This week my friend Charlie Cooke and the Wall Street Journal’s Bill McGurn called attention to Joe Biden’s odd habit of stepping on the stories of the families of some of the 13 troops killed in the chaotic Afghanistan withdrawal last week by telling them about Beau’s Army service (in Iraq) and unrelated death. It sometimes feels as though the president is hoping people will mistake him for a Gold Star parent. Biden fans have made a great deal of his supposed gift of empathy, but where exactly is the evidence for that? The New York Times conceded that the case for Bidenian empathy was looking shaky two weeks ago: “Biden Ran on Competence and Empathy. Afghanistan Is Testing That.” Asked about the horrific deaths of Afghans who fell from U.S. airplanes whose exteriors they clung to rather than fall prey to the Taliban, Biden scoffed, with a supreme lack of empathy, “That was four days ago, five days ago.” It had been only two days, but the details would hardly have been made less ghastly if four days had gone by.
When other people tell you about their sorrows, or mention Mitt Romney’s generosity, or ask you about negative campaigning or your lack of discipline, and you respond by talking about the deaths in your own family, it starts to seem more opportunistic and selfish than empathetic. Biden is asking for us to give him our sympathy and support, not offering any particular emotional support in return.

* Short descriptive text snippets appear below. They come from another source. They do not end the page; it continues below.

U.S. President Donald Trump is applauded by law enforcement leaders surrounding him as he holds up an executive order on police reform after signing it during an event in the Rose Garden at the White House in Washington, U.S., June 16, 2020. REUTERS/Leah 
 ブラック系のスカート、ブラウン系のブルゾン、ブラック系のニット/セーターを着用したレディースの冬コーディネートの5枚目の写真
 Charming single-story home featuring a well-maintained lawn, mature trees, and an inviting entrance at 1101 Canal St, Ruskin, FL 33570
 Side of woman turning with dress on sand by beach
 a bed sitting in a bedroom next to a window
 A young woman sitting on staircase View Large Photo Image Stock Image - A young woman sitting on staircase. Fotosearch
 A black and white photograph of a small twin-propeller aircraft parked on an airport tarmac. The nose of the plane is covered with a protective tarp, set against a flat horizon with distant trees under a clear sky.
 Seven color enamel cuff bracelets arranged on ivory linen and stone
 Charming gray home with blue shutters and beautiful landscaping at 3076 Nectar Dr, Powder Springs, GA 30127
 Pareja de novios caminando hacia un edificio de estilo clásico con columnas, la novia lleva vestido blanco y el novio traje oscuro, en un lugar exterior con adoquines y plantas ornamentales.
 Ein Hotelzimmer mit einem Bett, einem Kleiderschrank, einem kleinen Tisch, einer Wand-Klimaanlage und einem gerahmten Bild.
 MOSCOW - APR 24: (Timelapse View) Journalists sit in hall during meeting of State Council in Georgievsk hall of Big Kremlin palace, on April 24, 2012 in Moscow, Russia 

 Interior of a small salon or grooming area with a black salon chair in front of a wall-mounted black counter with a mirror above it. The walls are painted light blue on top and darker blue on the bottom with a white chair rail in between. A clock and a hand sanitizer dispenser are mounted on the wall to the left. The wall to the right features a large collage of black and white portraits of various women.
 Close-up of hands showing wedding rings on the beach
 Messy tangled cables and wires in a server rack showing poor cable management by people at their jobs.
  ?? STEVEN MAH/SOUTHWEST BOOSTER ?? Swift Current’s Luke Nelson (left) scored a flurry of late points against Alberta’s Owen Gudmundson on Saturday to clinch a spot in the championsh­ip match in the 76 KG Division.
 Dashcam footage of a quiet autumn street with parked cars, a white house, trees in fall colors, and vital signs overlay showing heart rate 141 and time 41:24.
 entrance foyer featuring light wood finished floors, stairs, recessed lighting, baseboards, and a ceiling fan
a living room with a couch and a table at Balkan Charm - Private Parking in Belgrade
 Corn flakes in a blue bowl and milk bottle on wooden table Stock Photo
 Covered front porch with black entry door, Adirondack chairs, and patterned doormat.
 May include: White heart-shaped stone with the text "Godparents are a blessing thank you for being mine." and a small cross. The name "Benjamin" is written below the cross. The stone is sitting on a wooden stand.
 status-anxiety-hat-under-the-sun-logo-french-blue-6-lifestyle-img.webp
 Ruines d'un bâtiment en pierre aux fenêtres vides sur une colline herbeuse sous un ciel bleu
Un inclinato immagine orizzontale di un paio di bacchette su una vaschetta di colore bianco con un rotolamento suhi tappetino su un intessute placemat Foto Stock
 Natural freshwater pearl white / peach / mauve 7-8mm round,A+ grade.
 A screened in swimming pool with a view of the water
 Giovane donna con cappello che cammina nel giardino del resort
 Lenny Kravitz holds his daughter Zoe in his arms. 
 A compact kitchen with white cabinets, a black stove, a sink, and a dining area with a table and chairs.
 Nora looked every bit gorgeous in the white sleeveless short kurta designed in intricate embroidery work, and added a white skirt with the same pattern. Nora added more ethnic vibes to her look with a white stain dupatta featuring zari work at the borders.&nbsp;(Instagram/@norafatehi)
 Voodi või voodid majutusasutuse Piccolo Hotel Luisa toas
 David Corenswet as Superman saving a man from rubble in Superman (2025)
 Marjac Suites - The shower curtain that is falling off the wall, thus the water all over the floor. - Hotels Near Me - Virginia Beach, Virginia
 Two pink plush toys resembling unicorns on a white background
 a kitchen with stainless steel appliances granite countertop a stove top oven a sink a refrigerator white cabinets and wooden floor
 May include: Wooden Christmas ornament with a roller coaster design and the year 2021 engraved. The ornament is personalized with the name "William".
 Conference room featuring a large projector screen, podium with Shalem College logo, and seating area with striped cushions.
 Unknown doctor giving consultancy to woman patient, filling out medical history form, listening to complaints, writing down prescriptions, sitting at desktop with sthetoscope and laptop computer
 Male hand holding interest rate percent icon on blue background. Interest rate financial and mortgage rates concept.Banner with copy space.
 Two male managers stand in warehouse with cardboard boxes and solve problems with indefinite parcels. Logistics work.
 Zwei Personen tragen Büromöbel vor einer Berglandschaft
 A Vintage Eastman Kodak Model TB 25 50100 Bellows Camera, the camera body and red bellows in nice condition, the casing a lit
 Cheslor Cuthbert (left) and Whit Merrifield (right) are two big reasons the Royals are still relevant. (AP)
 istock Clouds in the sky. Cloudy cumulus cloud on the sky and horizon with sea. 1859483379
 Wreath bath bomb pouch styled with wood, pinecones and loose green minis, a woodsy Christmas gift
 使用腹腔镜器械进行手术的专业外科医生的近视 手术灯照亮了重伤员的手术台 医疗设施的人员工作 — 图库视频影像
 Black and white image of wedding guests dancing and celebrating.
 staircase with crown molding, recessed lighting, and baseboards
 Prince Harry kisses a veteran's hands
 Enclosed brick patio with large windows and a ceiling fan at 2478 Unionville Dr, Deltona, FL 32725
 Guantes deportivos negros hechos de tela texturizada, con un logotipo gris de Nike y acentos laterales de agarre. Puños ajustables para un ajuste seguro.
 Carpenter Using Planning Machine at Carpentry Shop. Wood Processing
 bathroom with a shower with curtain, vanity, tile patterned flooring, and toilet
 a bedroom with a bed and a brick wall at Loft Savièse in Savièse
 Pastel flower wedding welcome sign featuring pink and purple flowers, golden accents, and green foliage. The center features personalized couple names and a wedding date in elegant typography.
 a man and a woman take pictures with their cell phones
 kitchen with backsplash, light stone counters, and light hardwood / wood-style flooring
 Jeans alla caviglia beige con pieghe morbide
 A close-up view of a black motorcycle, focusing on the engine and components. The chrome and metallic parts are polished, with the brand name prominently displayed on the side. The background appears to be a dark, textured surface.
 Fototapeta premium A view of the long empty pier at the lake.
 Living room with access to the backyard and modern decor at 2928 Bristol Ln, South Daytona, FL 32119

When families have just learnt that their loved ones died in a terror bombing in the last couple of days, it’s rather closer to narcissism than empathy to insist that you already know their stories, so they should instead listen to you grieve for a person you lost six years ago. The fact that Joe Biden has suffered family loss is not the answer to every question, nor can it be a shield against legitimate criticism.